Work instruction: Apart from the pictures, everything in the lines below must be printed exactly.

Exercise data:
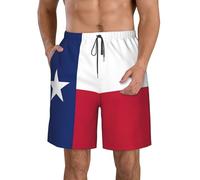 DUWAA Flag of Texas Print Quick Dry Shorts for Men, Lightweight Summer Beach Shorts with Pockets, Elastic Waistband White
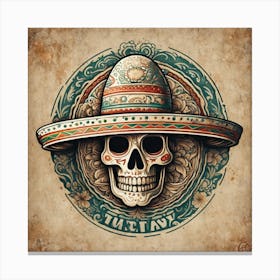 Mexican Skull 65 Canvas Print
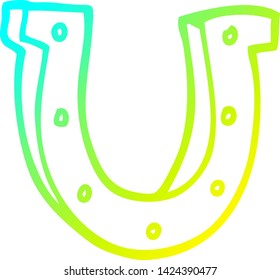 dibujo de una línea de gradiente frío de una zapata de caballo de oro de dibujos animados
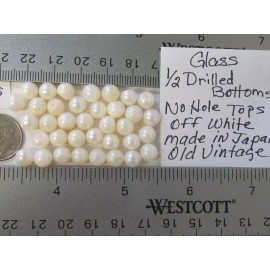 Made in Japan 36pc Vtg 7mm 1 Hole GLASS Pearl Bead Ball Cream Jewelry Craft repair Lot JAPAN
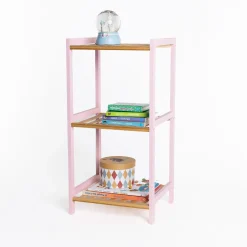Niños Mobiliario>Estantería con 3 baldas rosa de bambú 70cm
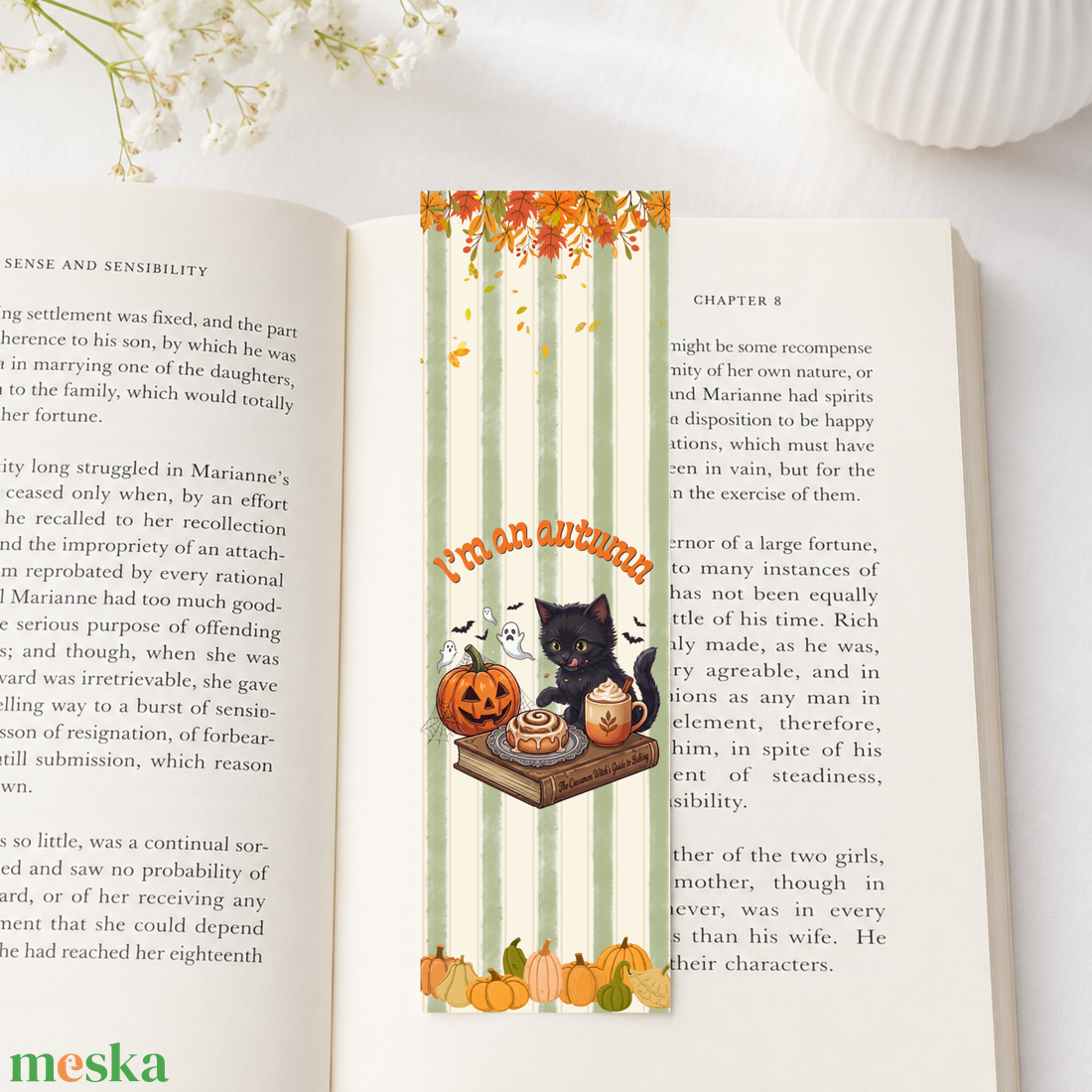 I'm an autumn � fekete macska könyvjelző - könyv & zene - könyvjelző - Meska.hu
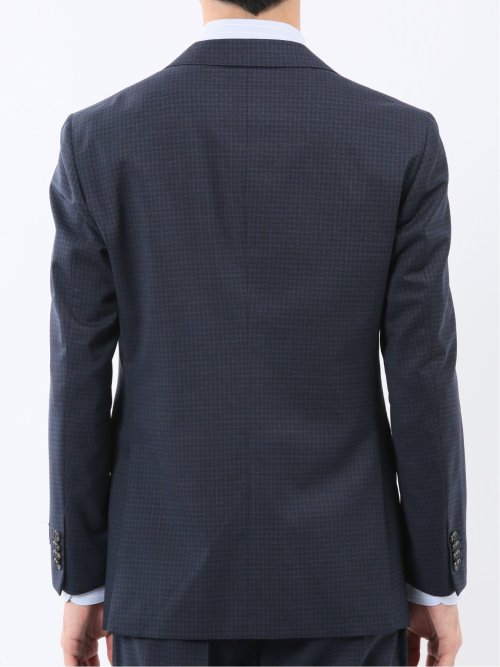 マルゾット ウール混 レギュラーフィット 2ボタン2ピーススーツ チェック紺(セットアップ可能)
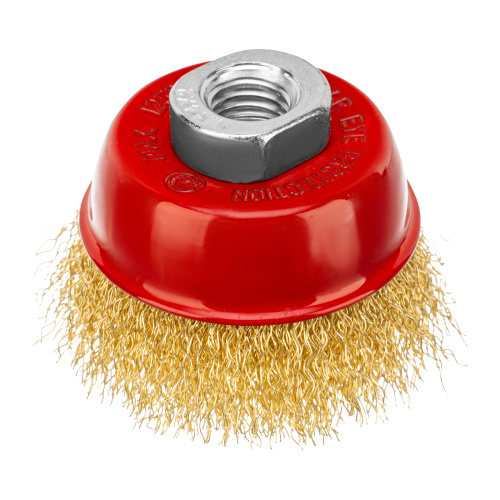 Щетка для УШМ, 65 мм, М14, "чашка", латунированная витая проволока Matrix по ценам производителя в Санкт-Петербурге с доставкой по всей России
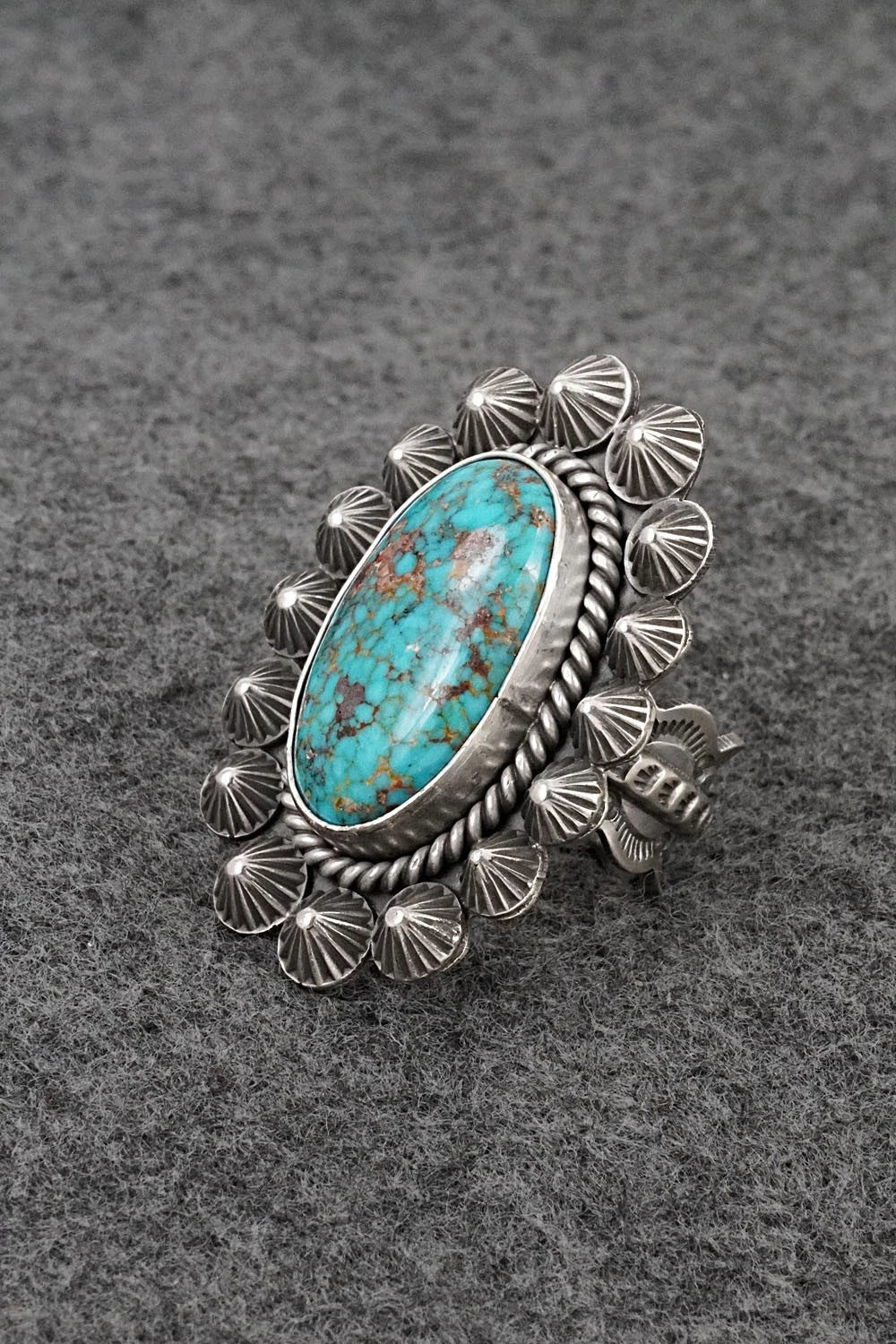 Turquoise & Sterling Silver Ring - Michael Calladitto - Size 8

Answer for the task:
 DUWAA Flag of Texas Print Quick Dry Shorts for Men, Lightweight Summer Beach Shorts with Pockets, Elastic Waistband White
 Mexican Skull 65 Canvas Print
 dibujo de una línea de gradiente frío de una zapata de caballo de oro de dibujos animados
 Made in Japan 36pc Vtg 7mm 1 Hole GLASS Pearl Bead Ball Cream Jewelry Craft repair Lot JAPAN
Niños Mobiliario>Estantería con 3 baldas rosa de bambú 70cm
 I'm an autumn � fekete macska könyvjelző - könyv & zene - könyvjelző - Meska.hu
 マルゾット ウール混 レギュラーフィット 2ボタン2ピーススーツ チェック紺(セットアップ可能)
 Щетка для УШМ, 65 мм, М14, "чашка", латунированная витая проволока Matrix по ценам производителя в Санкт-Петербурге с доставкой по всей России
 Turquoise & Sterling Silver Ring - Michael Calladitto - Size 8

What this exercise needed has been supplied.